Another recent poll suggests Americans expect the problem to get worse. A Rasmussen Reports survey found 59 percent of likely voters are concerned those opposed to President Trump’s policies will resort to violence. Nearly the same amount, 53 percent, fear anger at the media over coverage of Trump will lead to violence.
A majority of voters also worried critics of President Barack Obama would resort to violence in 2010, but the concern is higher now and it may rise in the years ahead. Trump’s attack on Sen. Warren Thursday night signals a president eager to launch a brutal, polarized reelection campaign.
According to Clayton, the tone of the 2020 campaign will partly be determined by the outcome of what is shaping up to be a divisive midterm campaign punctuated by frequent MAGA rallies. If Republicans get washed away by a blue wave in November, the president and the party may recalibrate.
“I think the strategy of the White House is to ramp up some of the rhetoric and turn out their base,” he said. “If they get a shellacking, I bet you’ll see a change.”
While she once believed political rhetoric had hit rock bottom, Lukensmeyer said the 2016 campaign taught her otherwise. She now expects 2018 and 2020 to be even worse as candidates and dark money groups try to replicate President Trump’s success.
“It worked, and the game of political consulting always select what worked as the way to go,” she said.
Still, Lukensmeyer stressed not all hope is lost. The National Institute for Civil Discourse has worked closely with dozens of freshman members of Congress who have signed a commitment to civility. There are now two bipartisan civility caucuses in the House.
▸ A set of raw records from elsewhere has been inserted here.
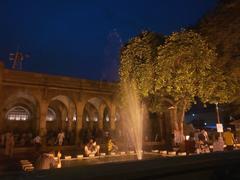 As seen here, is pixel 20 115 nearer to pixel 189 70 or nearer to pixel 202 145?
pixel 202 145

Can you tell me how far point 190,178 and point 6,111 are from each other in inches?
1003

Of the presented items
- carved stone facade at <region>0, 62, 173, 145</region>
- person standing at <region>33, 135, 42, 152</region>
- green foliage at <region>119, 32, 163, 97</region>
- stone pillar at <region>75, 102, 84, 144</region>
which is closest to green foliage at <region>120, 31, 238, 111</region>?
green foliage at <region>119, 32, 163, 97</region>

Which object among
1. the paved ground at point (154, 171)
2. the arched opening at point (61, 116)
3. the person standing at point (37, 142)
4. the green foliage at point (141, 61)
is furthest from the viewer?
the arched opening at point (61, 116)

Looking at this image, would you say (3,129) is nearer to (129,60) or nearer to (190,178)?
(129,60)

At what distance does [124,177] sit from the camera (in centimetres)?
323

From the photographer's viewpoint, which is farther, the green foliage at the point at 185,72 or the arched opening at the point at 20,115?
the arched opening at the point at 20,115

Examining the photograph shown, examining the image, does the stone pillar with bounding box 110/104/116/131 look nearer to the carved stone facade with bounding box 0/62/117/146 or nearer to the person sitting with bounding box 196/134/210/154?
the carved stone facade with bounding box 0/62/117/146

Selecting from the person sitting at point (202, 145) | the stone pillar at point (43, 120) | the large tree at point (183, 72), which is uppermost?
the large tree at point (183, 72)

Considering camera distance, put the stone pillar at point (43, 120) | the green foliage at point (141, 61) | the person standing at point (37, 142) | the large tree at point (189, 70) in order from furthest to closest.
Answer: the stone pillar at point (43, 120) → the person standing at point (37, 142) → the green foliage at point (141, 61) → the large tree at point (189, 70)

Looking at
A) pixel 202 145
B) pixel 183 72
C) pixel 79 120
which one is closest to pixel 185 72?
pixel 183 72

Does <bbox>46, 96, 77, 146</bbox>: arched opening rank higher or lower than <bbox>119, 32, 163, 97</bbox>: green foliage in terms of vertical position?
lower

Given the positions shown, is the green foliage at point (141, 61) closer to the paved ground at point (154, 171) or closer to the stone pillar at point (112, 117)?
the stone pillar at point (112, 117)

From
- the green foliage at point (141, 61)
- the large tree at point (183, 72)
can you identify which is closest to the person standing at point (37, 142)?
the green foliage at point (141, 61)

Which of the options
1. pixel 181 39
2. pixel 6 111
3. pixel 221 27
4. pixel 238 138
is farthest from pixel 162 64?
pixel 6 111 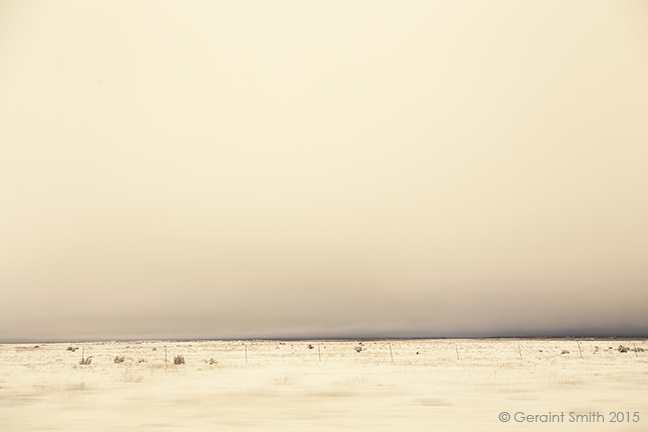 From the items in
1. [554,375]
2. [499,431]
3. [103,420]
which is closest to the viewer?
[499,431]

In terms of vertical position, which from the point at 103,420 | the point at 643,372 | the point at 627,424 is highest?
the point at 103,420

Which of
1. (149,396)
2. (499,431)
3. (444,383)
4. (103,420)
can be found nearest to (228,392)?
(149,396)

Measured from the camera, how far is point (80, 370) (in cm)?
2711

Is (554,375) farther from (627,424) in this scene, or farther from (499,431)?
(499,431)

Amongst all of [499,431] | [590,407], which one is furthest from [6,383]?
[590,407]

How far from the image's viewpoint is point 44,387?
62.2 ft

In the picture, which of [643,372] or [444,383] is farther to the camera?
[643,372]

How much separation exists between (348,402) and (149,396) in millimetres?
7763

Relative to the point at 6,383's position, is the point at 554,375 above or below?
below

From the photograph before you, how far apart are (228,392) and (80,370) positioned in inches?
570

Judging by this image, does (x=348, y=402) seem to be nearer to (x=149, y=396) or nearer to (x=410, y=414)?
(x=410, y=414)

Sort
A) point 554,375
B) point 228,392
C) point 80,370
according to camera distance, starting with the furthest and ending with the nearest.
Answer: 1. point 80,370
2. point 554,375
3. point 228,392

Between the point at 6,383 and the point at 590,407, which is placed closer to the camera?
the point at 590,407

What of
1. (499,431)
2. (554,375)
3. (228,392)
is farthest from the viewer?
(554,375) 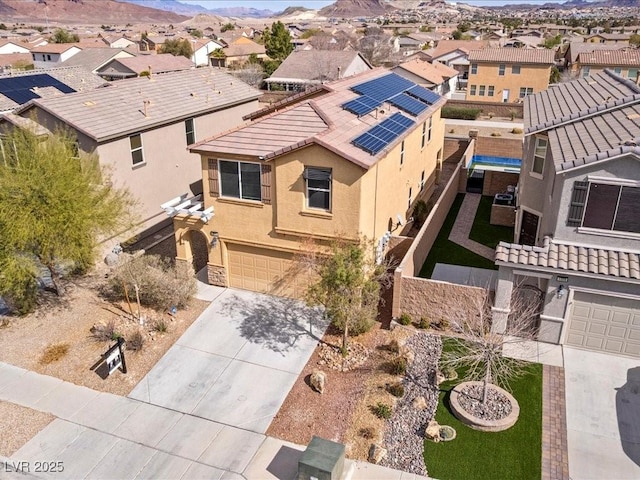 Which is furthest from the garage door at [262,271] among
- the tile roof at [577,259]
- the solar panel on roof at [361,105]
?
the tile roof at [577,259]

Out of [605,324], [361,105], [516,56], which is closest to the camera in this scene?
[605,324]

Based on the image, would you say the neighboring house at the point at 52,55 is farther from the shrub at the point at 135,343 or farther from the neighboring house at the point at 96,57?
the shrub at the point at 135,343

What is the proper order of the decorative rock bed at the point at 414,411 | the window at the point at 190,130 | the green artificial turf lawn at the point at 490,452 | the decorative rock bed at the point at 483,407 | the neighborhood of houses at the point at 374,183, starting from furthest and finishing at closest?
1. the window at the point at 190,130
2. the neighborhood of houses at the point at 374,183
3. the decorative rock bed at the point at 483,407
4. the decorative rock bed at the point at 414,411
5. the green artificial turf lawn at the point at 490,452

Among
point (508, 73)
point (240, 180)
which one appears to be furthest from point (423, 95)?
point (508, 73)

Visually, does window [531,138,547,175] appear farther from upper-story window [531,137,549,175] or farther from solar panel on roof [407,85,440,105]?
solar panel on roof [407,85,440,105]

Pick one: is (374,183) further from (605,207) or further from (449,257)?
(605,207)

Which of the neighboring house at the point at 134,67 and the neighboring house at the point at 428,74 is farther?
the neighboring house at the point at 134,67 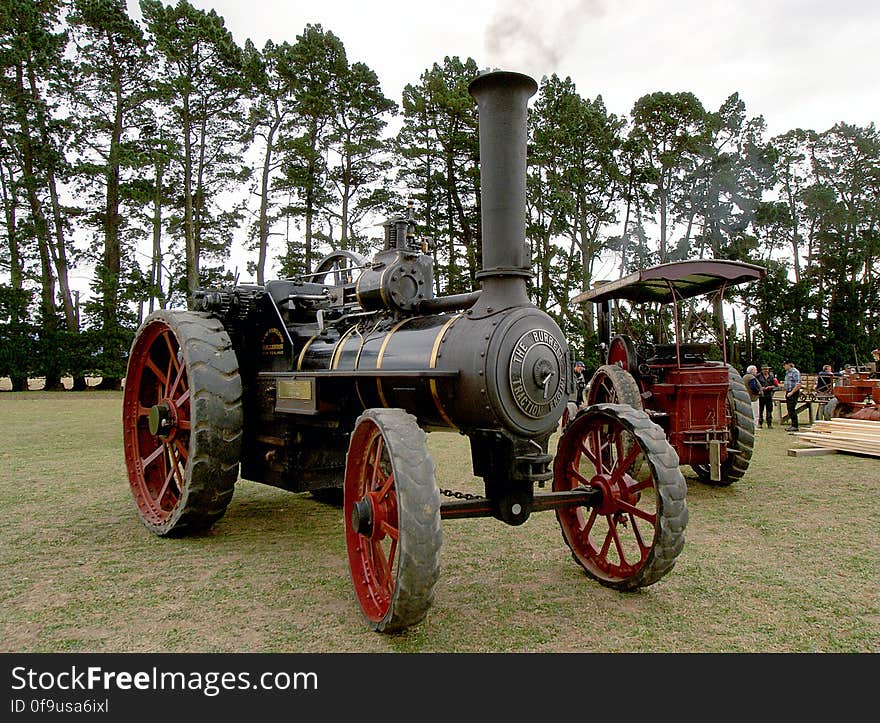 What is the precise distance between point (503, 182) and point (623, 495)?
173 centimetres

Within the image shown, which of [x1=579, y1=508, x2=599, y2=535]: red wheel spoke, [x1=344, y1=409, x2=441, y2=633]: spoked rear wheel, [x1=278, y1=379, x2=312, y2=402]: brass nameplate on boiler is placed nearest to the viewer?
[x1=344, y1=409, x2=441, y2=633]: spoked rear wheel

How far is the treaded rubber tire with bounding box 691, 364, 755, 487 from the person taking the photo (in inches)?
251

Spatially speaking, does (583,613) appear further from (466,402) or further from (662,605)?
(466,402)

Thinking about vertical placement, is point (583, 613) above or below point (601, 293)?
below

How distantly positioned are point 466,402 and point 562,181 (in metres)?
21.7

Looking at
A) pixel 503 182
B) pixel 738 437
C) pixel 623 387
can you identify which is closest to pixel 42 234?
pixel 623 387

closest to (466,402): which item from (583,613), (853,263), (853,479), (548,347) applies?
(548,347)

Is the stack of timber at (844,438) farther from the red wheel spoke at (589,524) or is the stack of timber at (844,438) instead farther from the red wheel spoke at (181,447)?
the red wheel spoke at (181,447)

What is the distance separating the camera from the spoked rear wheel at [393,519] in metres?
2.58

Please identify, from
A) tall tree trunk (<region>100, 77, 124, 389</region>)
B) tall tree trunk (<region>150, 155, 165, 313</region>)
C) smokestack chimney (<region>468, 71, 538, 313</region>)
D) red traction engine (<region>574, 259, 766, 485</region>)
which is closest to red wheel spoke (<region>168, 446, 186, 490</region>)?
smokestack chimney (<region>468, 71, 538, 313</region>)

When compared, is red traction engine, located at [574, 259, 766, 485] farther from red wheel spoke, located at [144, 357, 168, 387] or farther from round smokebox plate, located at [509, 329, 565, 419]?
red wheel spoke, located at [144, 357, 168, 387]

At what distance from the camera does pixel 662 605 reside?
10.7 ft

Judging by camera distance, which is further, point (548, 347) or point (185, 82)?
point (185, 82)

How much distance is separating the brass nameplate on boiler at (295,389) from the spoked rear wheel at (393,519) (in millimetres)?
890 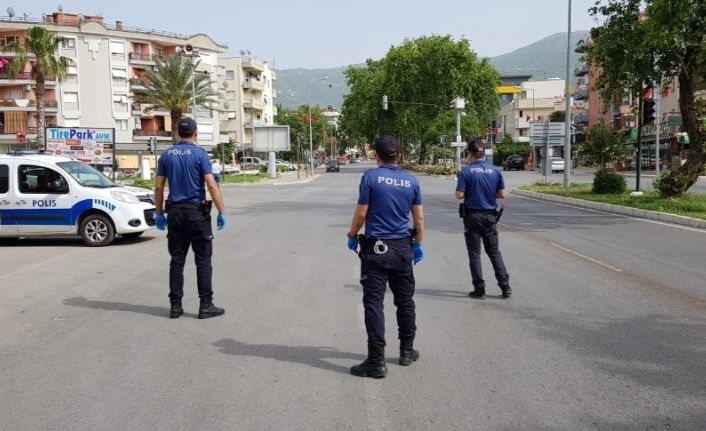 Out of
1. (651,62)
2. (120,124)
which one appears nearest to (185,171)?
(651,62)

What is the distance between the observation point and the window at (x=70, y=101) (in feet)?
213

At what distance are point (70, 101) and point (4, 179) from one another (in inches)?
2295

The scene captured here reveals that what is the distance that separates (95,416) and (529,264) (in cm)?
696

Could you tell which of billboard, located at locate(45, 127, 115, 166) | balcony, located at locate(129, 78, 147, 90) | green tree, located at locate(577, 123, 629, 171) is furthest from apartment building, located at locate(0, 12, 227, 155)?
green tree, located at locate(577, 123, 629, 171)

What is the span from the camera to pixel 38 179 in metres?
12.2

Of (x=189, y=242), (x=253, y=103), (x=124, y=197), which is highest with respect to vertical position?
(x=253, y=103)

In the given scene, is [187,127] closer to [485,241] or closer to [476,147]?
[476,147]

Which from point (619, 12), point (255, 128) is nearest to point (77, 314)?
point (619, 12)

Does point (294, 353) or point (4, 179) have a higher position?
point (4, 179)

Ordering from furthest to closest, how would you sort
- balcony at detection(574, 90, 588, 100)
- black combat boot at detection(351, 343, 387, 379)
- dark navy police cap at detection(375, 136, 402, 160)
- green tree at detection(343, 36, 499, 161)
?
balcony at detection(574, 90, 588, 100), green tree at detection(343, 36, 499, 161), dark navy police cap at detection(375, 136, 402, 160), black combat boot at detection(351, 343, 387, 379)

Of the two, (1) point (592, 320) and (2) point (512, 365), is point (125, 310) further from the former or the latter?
(1) point (592, 320)

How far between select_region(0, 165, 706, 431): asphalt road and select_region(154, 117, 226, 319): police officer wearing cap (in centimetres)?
40

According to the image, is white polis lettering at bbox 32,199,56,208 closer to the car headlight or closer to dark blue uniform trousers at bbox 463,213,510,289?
the car headlight

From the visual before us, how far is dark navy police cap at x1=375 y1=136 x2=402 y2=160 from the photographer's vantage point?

“What they heard from the people who wanted to vote for them is they were sick and tired of the character assassination, they were sick and tired of nothing getting done,” she said.
According to Arnie Arnesen, a New Hampshire-based progressive radio host, Democrats would be best served by focusing on policy and contrasting positive solutions to the nation’s problems with Trump’s often inconsistent worldview.
“Democrats have to remind the American people what they’re about, and they’re about yes,” she said.
Arnesen also pointed to the “Trump Baby” blimp approved to fly over London during Trump’s visit next week as, if not a higher road, a different and potentially more effective one than outrage.
“You can’t fight Donald Trump with words, you can’t fight Donald Trump with logic… You kind of have to be a little bit funny, and in a way, that’s what he hates the most,” she said.
Varoga, the Democratic strategist, predicted substance will win out over incivility in the end, an optimistic outlook but one not necessarily supported by recent history.
“The Democrats who manage to be strong, no-nonsense and big thinking are going to be the antidote to Trump’s vitriol and are the most likely to win both this November and in 2020,” he said.